As per WGC data, the Reserve Bank of India (RBI) continued to buy gold as part of its reserves. At the end of June 2021, RBI held 705.6 tonnes of gold in its reserves, which is 44.15 tonnes higher than June 2020.
As gold prices are higher it is not possible to buy gold for every individual as India is a low-income country. However, buying in ETF continued to remain strong. Total ETF holdings by Indian funds stood at 34.2 tonnes at the end of June 2021. This is higher by 11.83 tonnes from a year-ago period.
On the supply side, India’s gold imports slumped by 60% to 121.3 tonnes in the June quarter. The total imports stood at 310.5 tonnes in March quarter.
“Lack of buying due to higher prices, local restrictions across the country due to the second-wave had kept buyers away from the market.

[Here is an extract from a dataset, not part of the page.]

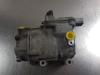 Air conditioning pump from a Toyota Yaris III (P13), 2010 / 2020 1.5 16V Hybrid, Hatchback, Electric Petrol, 1.497cc, 74kW (101pk), FWD, 1NZFXE, 2015-04 / 2017-03, NHP13 2019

Despite offering the gold at discount (from the international market in wholesale), the jewellery making activity was very low resulting in lower imports,” a leading importer of the gold from Mumbai said.
Hallmarking an issue
Meanwhile, another hurdle on the trade has also dampened the sentiments in the market. “Hallmarking is a big issue. We need to get our old stocks hallmarked. It is a time-consuming process and that is the reason new making has reduced,” Mitesh Soni, a Rajkot-based gold jewellery maker said.
As per the government decision, all jewellery in India should be hallmarked from September 1. Pieces of jewellery that are not hallmarked will not be allowed to be sold in the market. However, the All India Jewelers & Goldsmith Federation (AIJGF) has urged Piyush Goyal, minister of commerce and consumer affairs to extend the deadline by one year.
“There are about 4 lakh jewellers in the Country out of which about 85% are small jewellers who cater to the needs of the common man for their requirements of jewellery from villages to metro-cities and therefore, the policies must be crafted to keep interests of such large number of our members,” Panakj Arora, president of AIJGF said.